Mais cette problématique pourrait bientôt impacter directement sur la saison de ski, dont le coup d'envoi sera donné début décembre. Car habituellement, ce sont près d'une centaine de patients par jour qui sont gérés par le service de traumatologie, rien que sur le site névralgique du CHUGA, occasionnant une occupation permanente de 50 lits supplémentaires, de fin décembre à avril.

D'ailleurs, le vice-président du syndicat des médecins de l'Isère, Didier Legeais, interrogé par Le Figaro, s'inquiétait lui-même du risque "de ne pas pouvoir absorber les 100 urgences traumatiques que cela représente chaque jour pour le bassin grenoblois". Et d'ajouter : "On a des services qui sont fermés, d'autres en forte tension. Il faut parfois attendre 10 heures pour être pris en charge dans un service d'urgence".

Une question qui avait déjà conduit, en décembre dernier, l'Etat français à laisser les remontées mécaniques à l'arrêt. Si la situation épidémique n'est aujourd'hui pas comparable (à l'époque, 356 patients Covid étaient pris en charge en date du 11 décembre par le CHU de Grenoble), le constat demeure néanmoins préoccupant.

Pour l'heure, le CHUGA mise notamment sur une mutualisation des services d'urgences et un premier « tri » à travers le service du 15 : « avec le plan blanc et une nouvelle organisation, on espère pouvoir prendre en charge, avec sécurité, les blessés du ski (...). Et si on n'y arrive pas, nous ferons appel à d'autres hôpitaux de la région pour soulager nos services », affirmait sa directrice générale à la presse, rappelant par ailleurs que les urgences pédiatriques, gynécologiques, ainsi que les services de cardiologie « fonctionnent normalement ».

En cas de besoin, les urgences des hôpitaux du territoire (HCL lyonnais, mais aussi les hôpitaux de Chambéry, Albertville - Moûtiers et Bourg Saint-Maurice) seront-elles capables de faire face à l'afflux de patients ?

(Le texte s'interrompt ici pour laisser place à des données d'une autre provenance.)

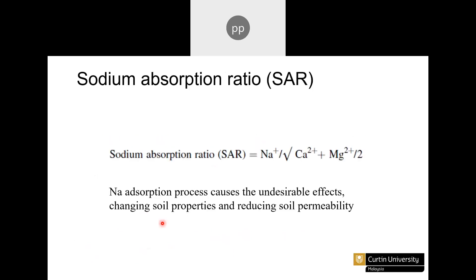The Sodium Absorption Ratio (SAR) causes undesirable effects by changing soil properties and reducing soil permeability. All these indices indirectly affect the soil, which is in direct contact with the crop. Whatever the soil property, it will affect the crop. Water percolating into the soil can reduce soil quality in terms of permeability or in terms of the salinity present in the water.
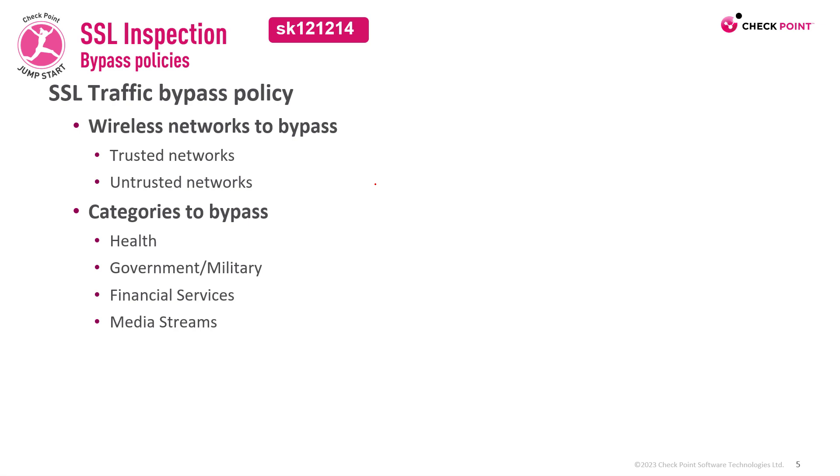When enabling SSL inspection you can select a bypass policy, meaning certain services or certain networks won't be inspected and the traffic will be bypassed.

En 2018, le Centre Hospitalier d'Albertville-Moûtiers avait déjà fait l'objet d'un regroupement, avec l'instauration d'une "direction commune" avec le CH de Chambéry. Et ce, après une première étape de fusion, engagée entre les deux hôpitaux d'Albertville et de Moûtiers -situées tous deux au pied de la Tarentaise- et qui avait conduit à la fermeture du service d'urgences de Moûtiers en 2015.

Contactée à ce sujet, l'ARS Auvergne Rhône-Alpes n'a pas donné suite à nos demandes d'interview.